What you are asked to do: Repeat only the stretch of lines below that runs from the line with "POLYWOOD® Chippendale Deep" through the line with "Varanga Women Pink", unaltered.

Records for processing:
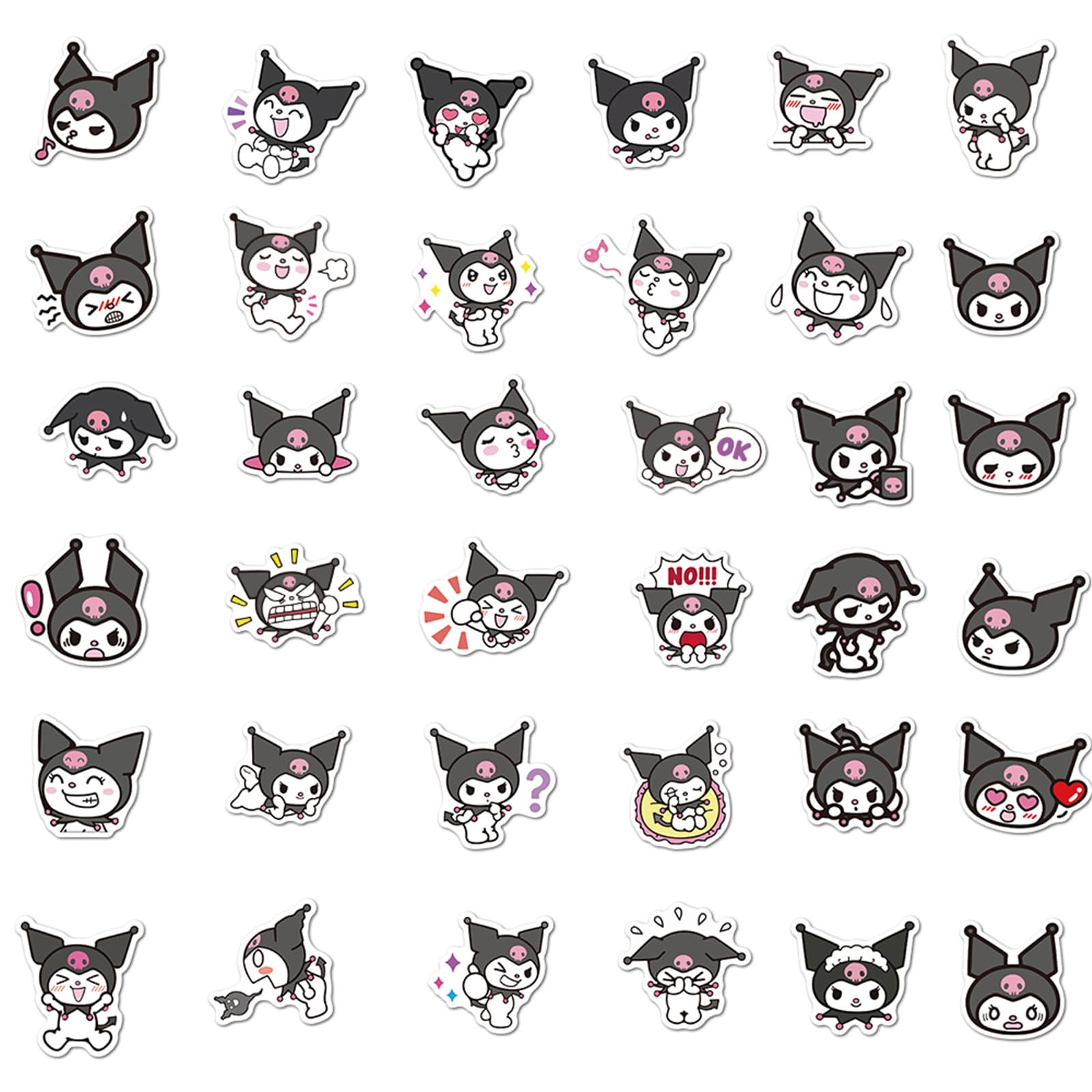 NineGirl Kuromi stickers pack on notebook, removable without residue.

---

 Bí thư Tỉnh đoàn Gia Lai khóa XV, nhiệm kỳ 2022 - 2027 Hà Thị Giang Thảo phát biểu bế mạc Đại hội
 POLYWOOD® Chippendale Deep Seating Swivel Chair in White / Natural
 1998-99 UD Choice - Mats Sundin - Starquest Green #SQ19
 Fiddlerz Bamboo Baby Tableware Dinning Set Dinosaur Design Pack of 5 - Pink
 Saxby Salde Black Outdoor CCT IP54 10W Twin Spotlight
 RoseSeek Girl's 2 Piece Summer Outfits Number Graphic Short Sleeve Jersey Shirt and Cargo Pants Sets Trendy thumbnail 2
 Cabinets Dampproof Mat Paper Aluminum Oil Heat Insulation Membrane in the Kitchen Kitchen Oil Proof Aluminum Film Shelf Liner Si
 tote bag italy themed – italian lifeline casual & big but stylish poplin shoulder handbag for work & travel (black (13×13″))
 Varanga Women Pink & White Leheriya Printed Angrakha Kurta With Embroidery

Answer box:
 POLYWOOD® Chippendale Deep Seating Swivel Chair in White / Natural
 1998-99 UD Choice - Mats Sundin - Starquest Green #SQ19
 Fiddlerz Bamboo Baby Tableware Dinning Set Dinosaur Design Pack of 5 - Pink
 Saxby Salde Black Outdoor CCT IP54 10W Twin Spotlight
 RoseSeek Girl's 2 Piece Summer Outfits Number Graphic Short Sleeve Jersey Shirt and Cargo Pants Sets Trendy thumbnail 2
 Cabinets Dampproof Mat Paper Aluminum Oil Heat Insulation Membrane in the Kitchen Kitchen Oil Proof Aluminum Film Shelf Liner Si
 tote bag italy themed – italian lifeline casual & big but stylish poplin shoulder handbag for work & travel (black (13×13″))
 Varanga Women Pink & White Leheriya Printed Angrakha Kurta With Embroidery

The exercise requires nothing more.